» EXERCISE GOAL
The reply must contain exactly the lines below from the one with "Micrófono de Condensador, Shure" down to the one with "88s game bet", both included, and nothing more; please omit the pictures.

» GIVEN DATA
--
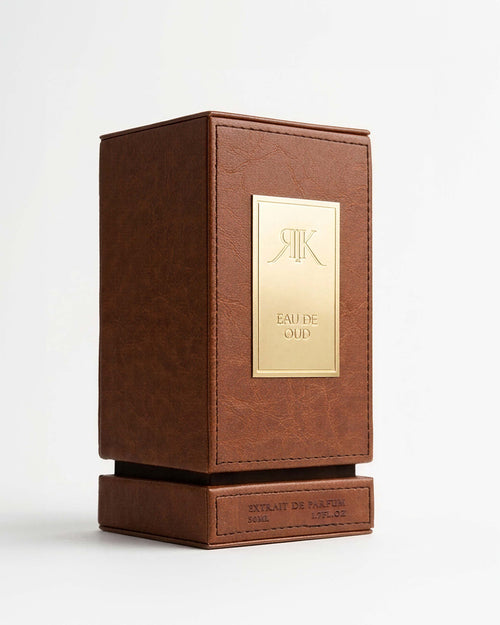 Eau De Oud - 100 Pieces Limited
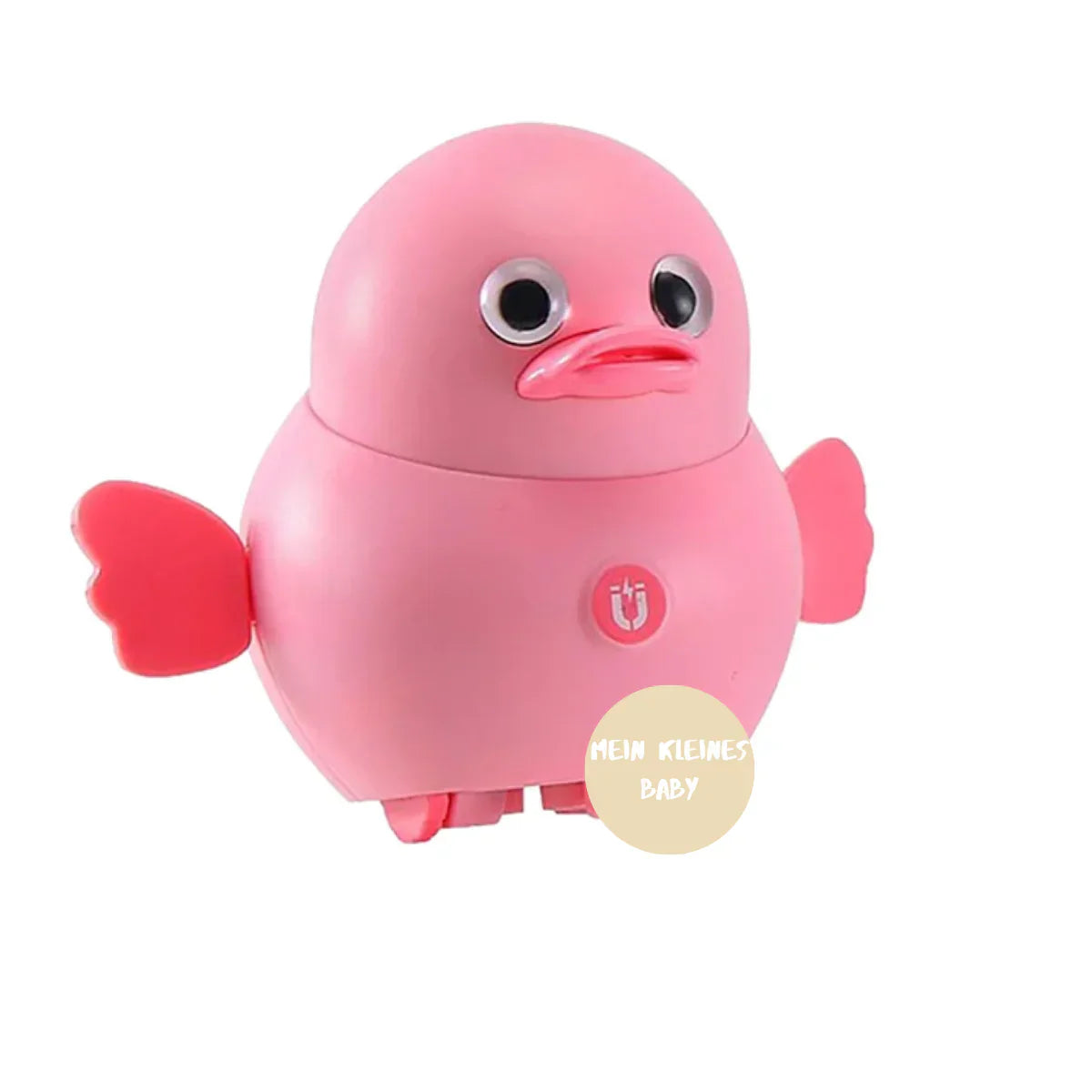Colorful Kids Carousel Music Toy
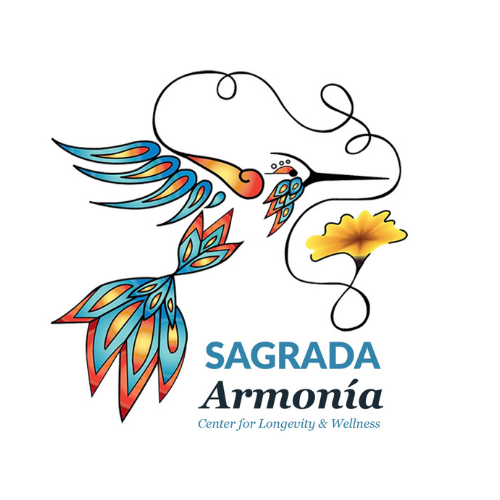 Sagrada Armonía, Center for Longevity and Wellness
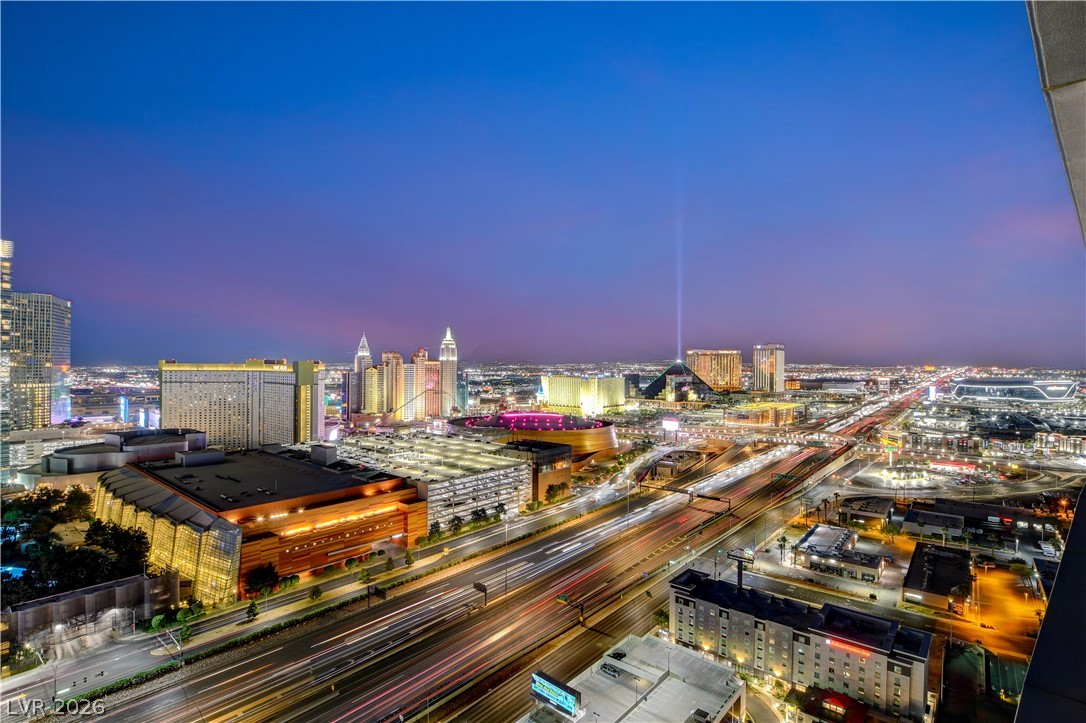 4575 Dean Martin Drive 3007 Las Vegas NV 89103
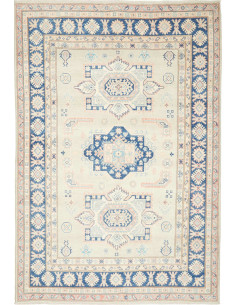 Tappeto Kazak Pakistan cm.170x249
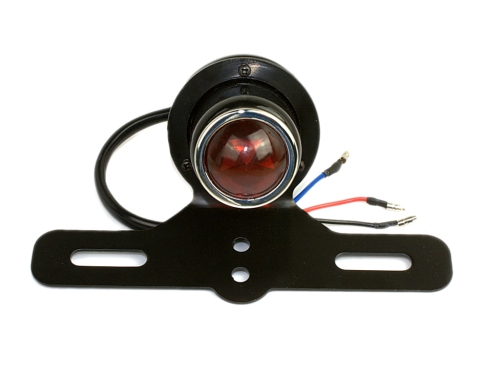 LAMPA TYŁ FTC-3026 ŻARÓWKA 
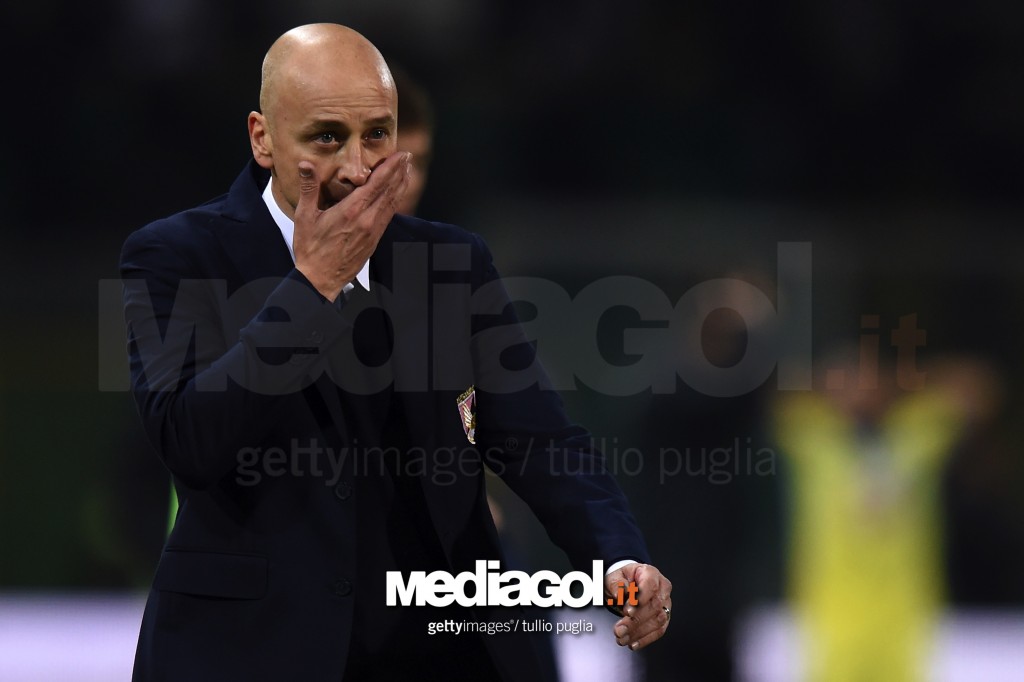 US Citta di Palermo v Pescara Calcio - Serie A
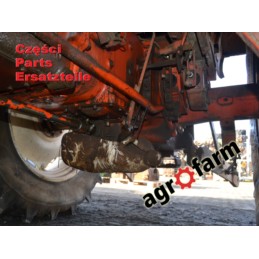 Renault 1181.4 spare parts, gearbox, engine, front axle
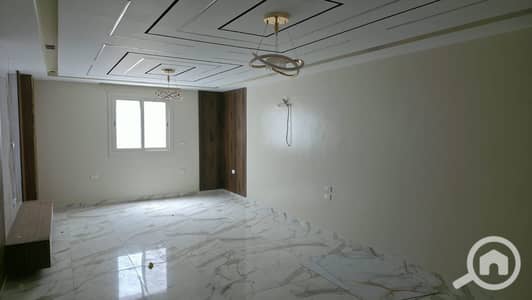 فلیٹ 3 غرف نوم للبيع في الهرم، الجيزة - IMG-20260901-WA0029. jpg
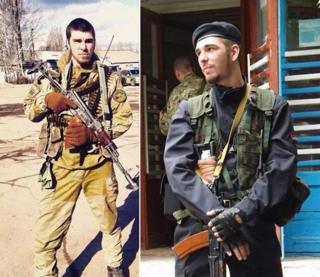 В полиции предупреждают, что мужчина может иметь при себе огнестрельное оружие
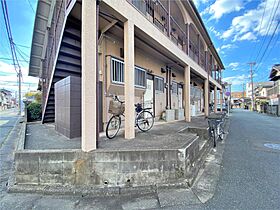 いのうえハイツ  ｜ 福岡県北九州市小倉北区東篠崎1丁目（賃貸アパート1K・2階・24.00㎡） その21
--
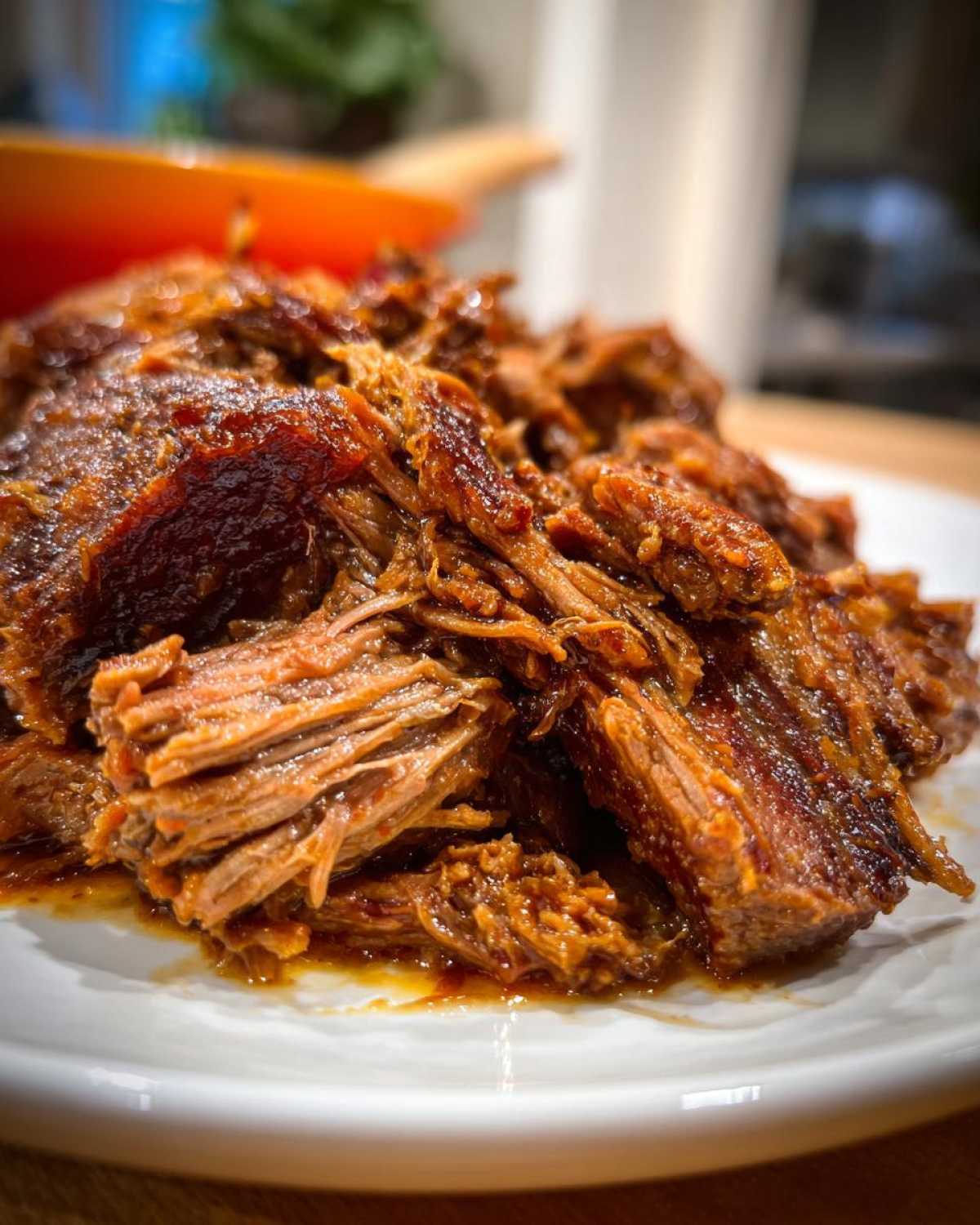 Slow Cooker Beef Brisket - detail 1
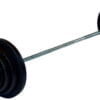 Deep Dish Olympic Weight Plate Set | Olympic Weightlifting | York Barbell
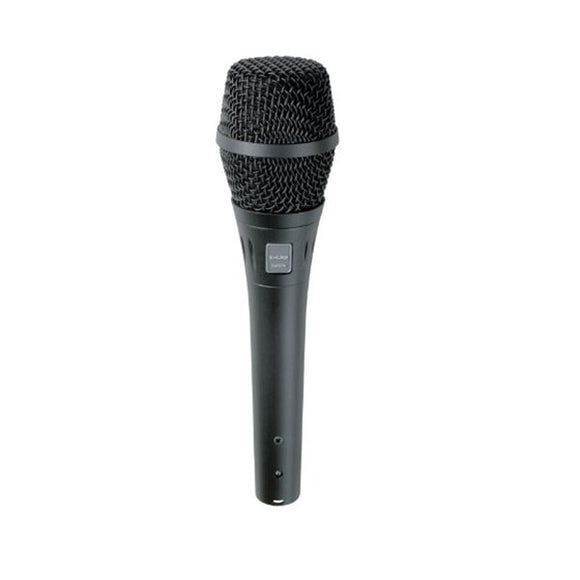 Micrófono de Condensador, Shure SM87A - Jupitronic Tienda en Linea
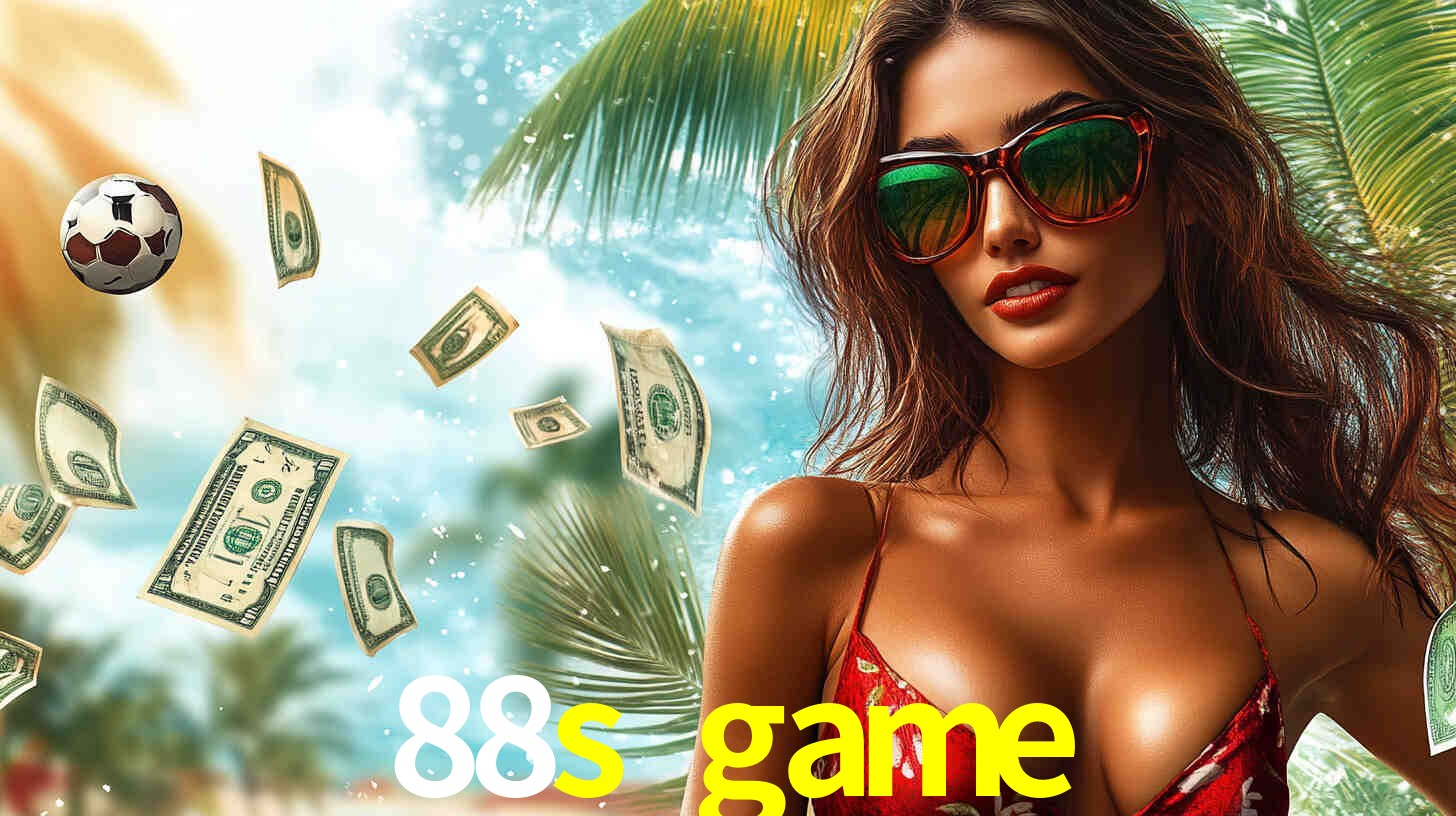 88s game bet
--
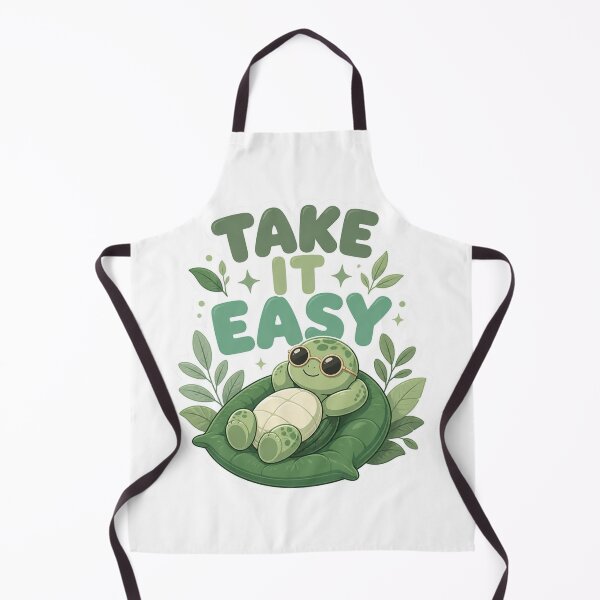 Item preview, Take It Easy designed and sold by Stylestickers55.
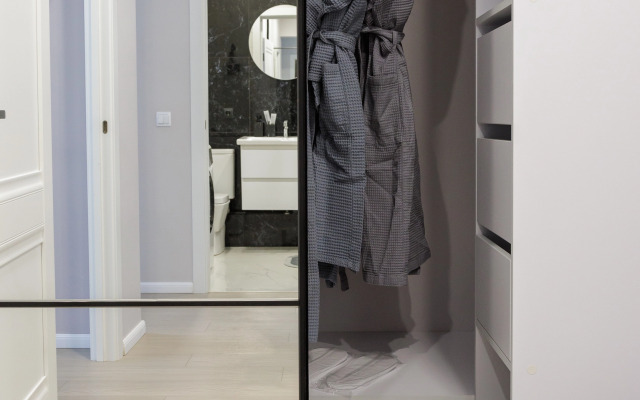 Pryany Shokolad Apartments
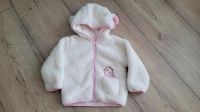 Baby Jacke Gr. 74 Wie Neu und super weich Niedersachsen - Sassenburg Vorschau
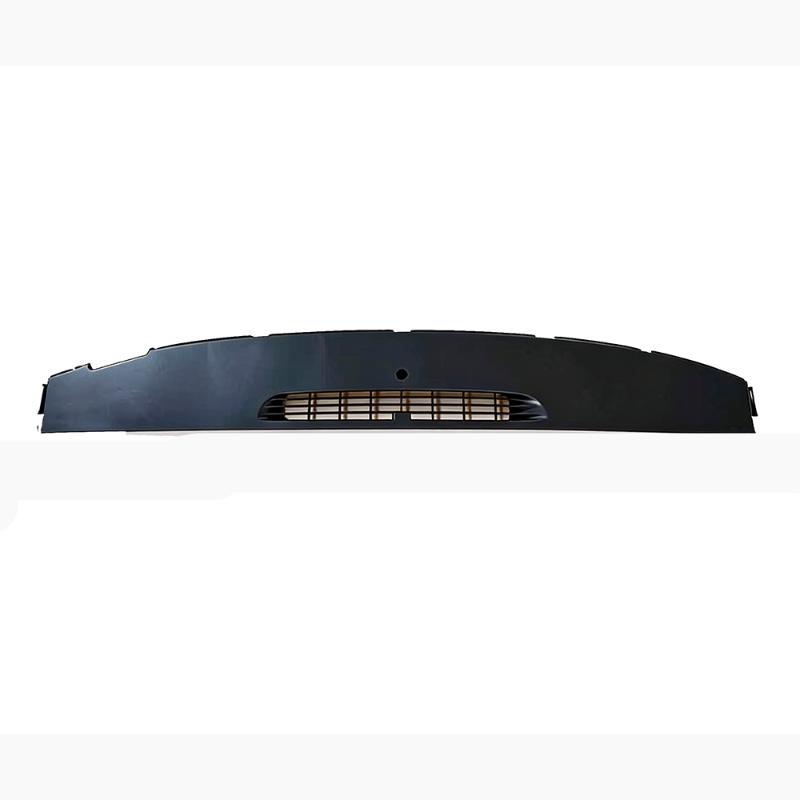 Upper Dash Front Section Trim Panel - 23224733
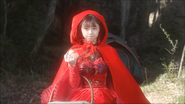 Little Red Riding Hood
--
» YOUR SOLUTION
 Micrófono de Condensador, Shure SM87A - Jupitronic Tienda en Linea
 88s game bet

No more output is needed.